Run TensorFlow on a GPU instance on AWS

I tried it in the following environment, so keep a record of the work at the time of installation.

--Mac OS X CPU only -Amazon web service (AWS) With GPU

Please note that TensorFlow does not work on Windows. The Google build tool Bazel used by TensorFlow is only compatible with Linux and Mac. If you don't have a Mac or Linux machine at hand, I think it's easy to set up an Ubuntu environment on AWS.

Mac OS X I have installed a package that runs only on the CPU. It's the easiest. spec

Install the package with pip as per the official document.

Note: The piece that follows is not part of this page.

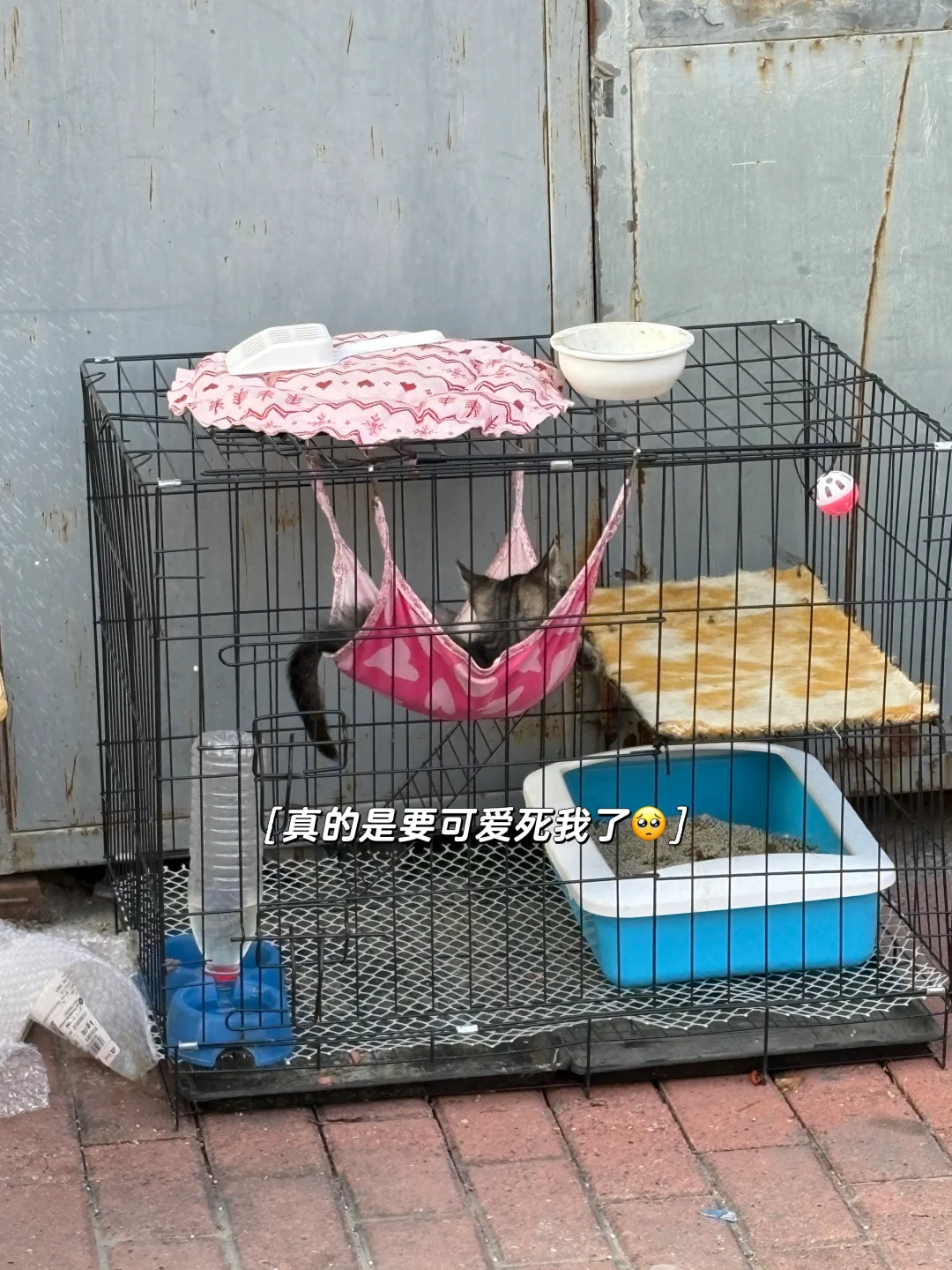 校招还可投这些!|用好AI轻松提高过面率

$ sudo easy_install --upgrade six
$ sudo pip install --upgrade https://storage.googleapis.com/tensorflow/mac/tensorflow-0.6.0-py2-none-any.whl

As a test, let's learn CIFAR-10 dataset.

$ git clone https://github.com/tensorflow/tensorflow.git
$ cd tensorflow/tensorflow/models/image/cifar10/
$ python cifar10_train.py

When executed, the dataset will be downloaded and learning will begin. Since the progress of the process is output to the terminal, it took 0.540 seconds for one batch learning when looking at around 100 steps when learning was stable.

2015-12-31 15:00:08.397460: step 100, loss = 4.49 (237.0 examples/sec; 0.540 sec/batch)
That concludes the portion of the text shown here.